■ **TO DO**:
Look below for the line that contains "Used 2025 Jeep", then copy it and each following line exactly, through and including the line that contains "Jacob Lowery Obituary: Remembering".

■ **DATA IN THIS EXERCISE**:
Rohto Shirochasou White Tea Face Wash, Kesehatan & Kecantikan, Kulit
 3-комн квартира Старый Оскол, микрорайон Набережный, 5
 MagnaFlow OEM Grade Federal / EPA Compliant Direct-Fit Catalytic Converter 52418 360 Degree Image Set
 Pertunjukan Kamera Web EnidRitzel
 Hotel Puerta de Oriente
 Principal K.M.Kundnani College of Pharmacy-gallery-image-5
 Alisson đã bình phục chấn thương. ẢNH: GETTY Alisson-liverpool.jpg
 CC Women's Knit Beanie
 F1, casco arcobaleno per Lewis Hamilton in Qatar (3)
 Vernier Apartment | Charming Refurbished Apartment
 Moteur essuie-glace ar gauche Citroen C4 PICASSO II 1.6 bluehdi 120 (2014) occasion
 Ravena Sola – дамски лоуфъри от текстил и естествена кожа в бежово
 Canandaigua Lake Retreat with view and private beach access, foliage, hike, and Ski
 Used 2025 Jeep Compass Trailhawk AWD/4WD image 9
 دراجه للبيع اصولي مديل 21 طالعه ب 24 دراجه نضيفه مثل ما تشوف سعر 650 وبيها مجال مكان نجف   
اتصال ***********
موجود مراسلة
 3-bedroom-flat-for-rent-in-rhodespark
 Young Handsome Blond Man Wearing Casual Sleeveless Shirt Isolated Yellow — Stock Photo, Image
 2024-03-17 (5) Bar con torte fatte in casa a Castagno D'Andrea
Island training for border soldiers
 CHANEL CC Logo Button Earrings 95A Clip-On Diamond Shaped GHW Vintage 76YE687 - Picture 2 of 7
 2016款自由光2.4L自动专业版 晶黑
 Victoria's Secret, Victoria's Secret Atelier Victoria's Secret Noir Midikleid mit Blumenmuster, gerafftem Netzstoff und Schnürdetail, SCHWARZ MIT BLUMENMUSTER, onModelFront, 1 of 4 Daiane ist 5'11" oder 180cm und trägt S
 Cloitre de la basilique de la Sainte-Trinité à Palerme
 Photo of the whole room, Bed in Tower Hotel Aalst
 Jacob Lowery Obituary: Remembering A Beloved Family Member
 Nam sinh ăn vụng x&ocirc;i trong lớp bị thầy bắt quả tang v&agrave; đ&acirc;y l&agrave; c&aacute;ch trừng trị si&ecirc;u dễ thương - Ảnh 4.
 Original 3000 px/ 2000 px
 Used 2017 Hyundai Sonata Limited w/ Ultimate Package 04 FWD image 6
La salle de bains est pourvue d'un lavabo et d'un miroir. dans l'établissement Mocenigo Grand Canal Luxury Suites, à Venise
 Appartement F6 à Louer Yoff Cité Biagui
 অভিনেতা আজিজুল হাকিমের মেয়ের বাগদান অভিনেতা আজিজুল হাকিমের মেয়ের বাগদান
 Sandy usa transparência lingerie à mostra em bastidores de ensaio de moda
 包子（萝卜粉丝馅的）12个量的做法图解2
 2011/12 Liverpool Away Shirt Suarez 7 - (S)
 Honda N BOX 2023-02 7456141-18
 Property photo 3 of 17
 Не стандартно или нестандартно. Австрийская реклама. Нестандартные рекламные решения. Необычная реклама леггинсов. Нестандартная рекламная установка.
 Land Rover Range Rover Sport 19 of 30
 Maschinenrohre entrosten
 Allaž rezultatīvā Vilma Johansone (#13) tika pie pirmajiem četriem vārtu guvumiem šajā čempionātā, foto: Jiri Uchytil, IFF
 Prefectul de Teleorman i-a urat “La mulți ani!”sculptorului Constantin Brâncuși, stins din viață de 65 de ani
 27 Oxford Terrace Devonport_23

■ **WRITTEN ANSWER**:
 Used 2025 Jeep Compass Trailhawk AWD/4WD image 9
 دراجه للبيع اصولي مديل 21 طالعه ب 24 دراجه نضيفه مثل ما تشوف سعر 650 وبيها مجال مكان نجف   
اتصال ***********
موجود مراسلة
 3-bedroom-flat-for-rent-in-rhodespark
 Young Handsome Blond Man Wearing Casual Sleeveless Shirt Isolated Yellow — Stock Photo, Image
 2024-03-17 (5) Bar con torte fatte in casa a Castagno D'Andrea
Island training for border soldiers
 CHANEL CC Logo Button Earrings 95A Clip-On Diamond Shaped GHW Vintage 76YE687 - Picture 2 of 7
 2016款自由光2.4L自动专业版 晶黑
 Victoria's Secret, Victoria's Secret Atelier Victoria's Secret Noir Midikleid mit Blumenmuster, gerafftem Netzstoff und Schnürdetail, SCHWARZ MIT BLUMENMUSTER, onModelFront, 1 of 4 Daiane ist 5'11" oder 180cm und trägt S
 Cloitre de la basilique de la Sainte-Trinité à Palerme
 Photo of the whole room, Bed in Tower Hotel Aalst
 Jacob Lowery Obituary: Remembering A Beloved Family Member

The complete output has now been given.